This title appears in the Scientific Report : 2014 

Atmospheric photochemistry of aromatic hydrocarbons: OH budgets during SAPHIR chamber experiments
Nehr, Sascha (Corresponding Author)
Bohn, Birger / Dorn, Hans-Peter / Fuchs, Hendrik / Häseler, Rolf / Hofzumahaus, Andreas / Li, Xin / Rohrer, Franz / Tillmann, Ralf / Wahner, Andreas
Troposphäre; IEK-8
Atmospheric chemistry and physics, 14 (2014) S. 6941 - 6952
Katlenburg-Lindau EGU 2014
10.5194/acp-14-6941-2014
Journal Article
Trace gas and aerosol processes in the troposphere
OpenAccess
Please use the identifier: http://dx.doi.org/10.5194/acp-14-6941-2014 in citations.
Please use the identifier: http://hdl.handle.net/2128/7919 in citations.
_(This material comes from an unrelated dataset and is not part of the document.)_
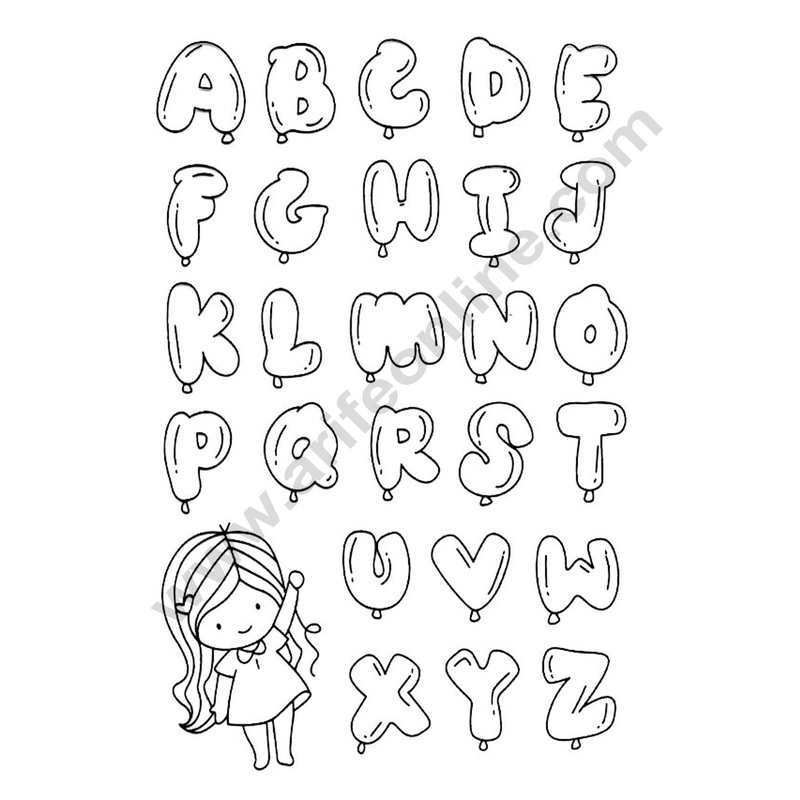 Cake Decor 1pc Silicone Bubble Alphabet With Cute Girl Scrapbook Diy Rubber Stamp Clear Stamp Transparent Stamp Handmade Card Stamp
Current photochemical models developed to simulate the atmospheric degradation of aromatic hydrocarbons tend to underestimate OH radical concentrations. In order to analyse OH budgets, we performed experiments with benzene, toluene, p-xylene and 1,3,5-trimethylbenzene in the atmosphere simulation chamber SAPHIR. Experiments were conducted under low-NO conditions (typically 0.1–0.2 ppb) and high-NO conditions (typically 7–8 ppb), and starting concentrations of 6–250 ppb of aromatics, dependent on OH rate constants. For the OH budget analysis a steady-state approach was applied in which OH production and destruction rates (POH and DOH) have to be equal. The POH were determined from measurements of HO2, NO, HONO, and O3 concentrations, considering OH formation by photolysis and recycling from HO2. The DOH were calculated from measurements of the OH concentrations and total OH reactivities. The OH budgets were determined from DOH/POH ratios. The accuracy and reproducibility of the approach were assessed in several experiments using CO as a reference compound where an average ratio DOH/POH = 1.13 ± 0.19 was obtained. In experiments with aromatics, these ratios ranged within 1.1–1.6 under low-NO conditions and 0.9–1.2 under high-NO conditions. The results indicate that OH budgets during photo-oxidation experiments with aromatics are balanced within experimental accuracies. Inclusion of a further, recently proposed OH production via HO2 + RO2 reactions led to improvements under low-NO conditions but the differences were small and insignificant within the experimental errors.